- _REQUIREMENT_
Pictures stay out of the output. Return exactly the lines below from the one with "Framed pencil drawing" down to the one with "Exterior view of", both included, and nothing more.

- _RECORDS PROVIDED_
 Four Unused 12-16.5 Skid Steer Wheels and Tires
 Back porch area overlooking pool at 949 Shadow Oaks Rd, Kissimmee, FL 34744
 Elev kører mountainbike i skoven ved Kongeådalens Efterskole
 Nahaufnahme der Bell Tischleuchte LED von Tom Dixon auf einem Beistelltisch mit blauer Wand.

==

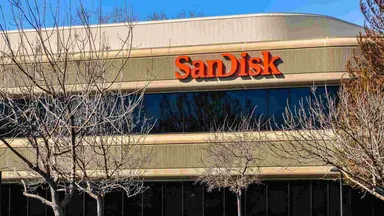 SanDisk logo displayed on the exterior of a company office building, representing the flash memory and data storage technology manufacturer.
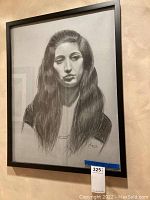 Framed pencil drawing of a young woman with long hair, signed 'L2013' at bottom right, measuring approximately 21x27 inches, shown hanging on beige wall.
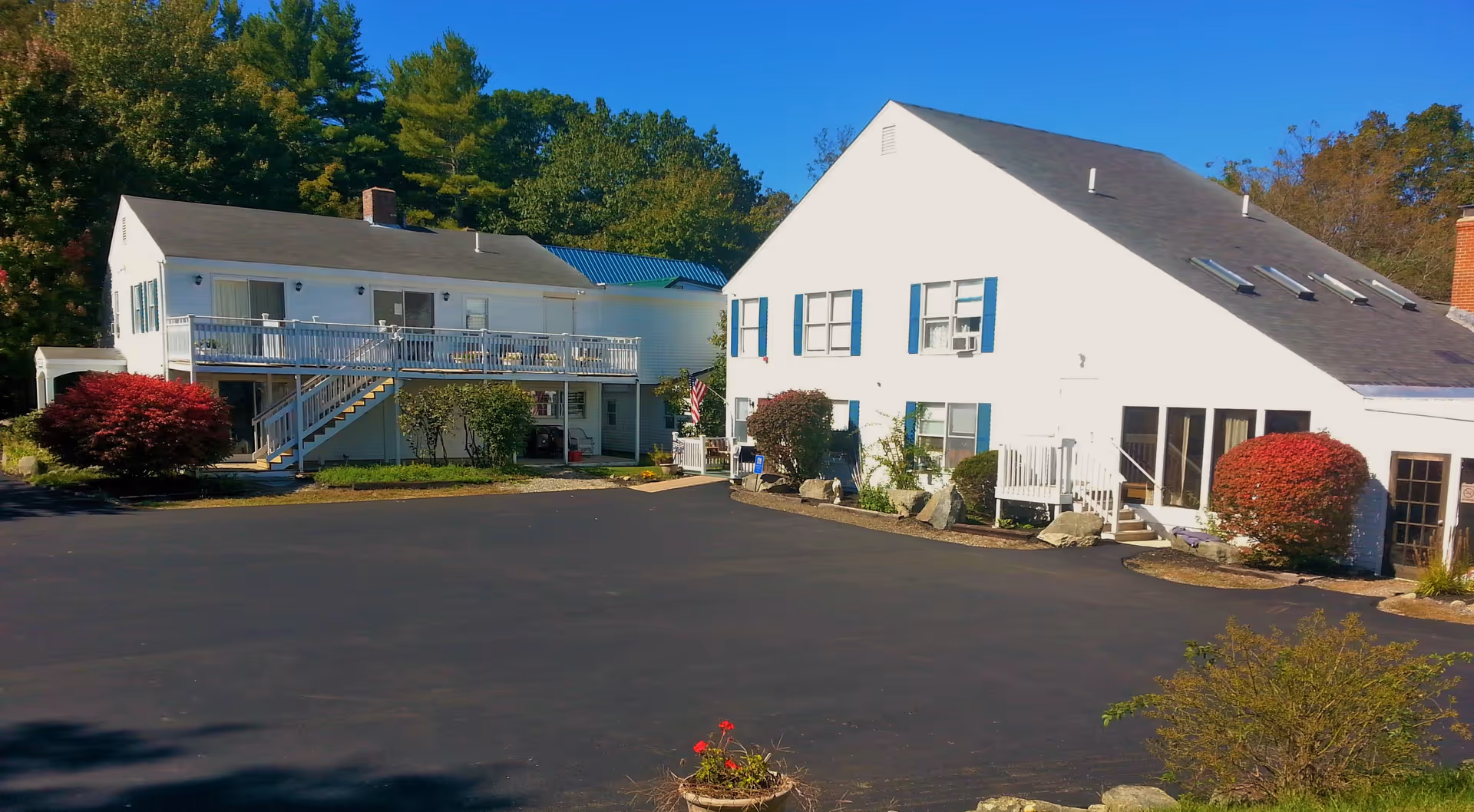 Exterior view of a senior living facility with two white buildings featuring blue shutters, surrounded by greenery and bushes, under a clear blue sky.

---

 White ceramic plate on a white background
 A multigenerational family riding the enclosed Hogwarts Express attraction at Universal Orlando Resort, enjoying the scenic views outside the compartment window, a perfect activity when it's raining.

- _TASK ANSWER_
 Framed pencil drawing of a young woman with long hair, signed 'L2013' at bottom right, measuring approximately 21x27 inches, shown hanging on beige wall.
 Exterior view of a senior living facility with two white buildings featuring blue shutters, surrounded by greenery and bushes, under a clear blue sky.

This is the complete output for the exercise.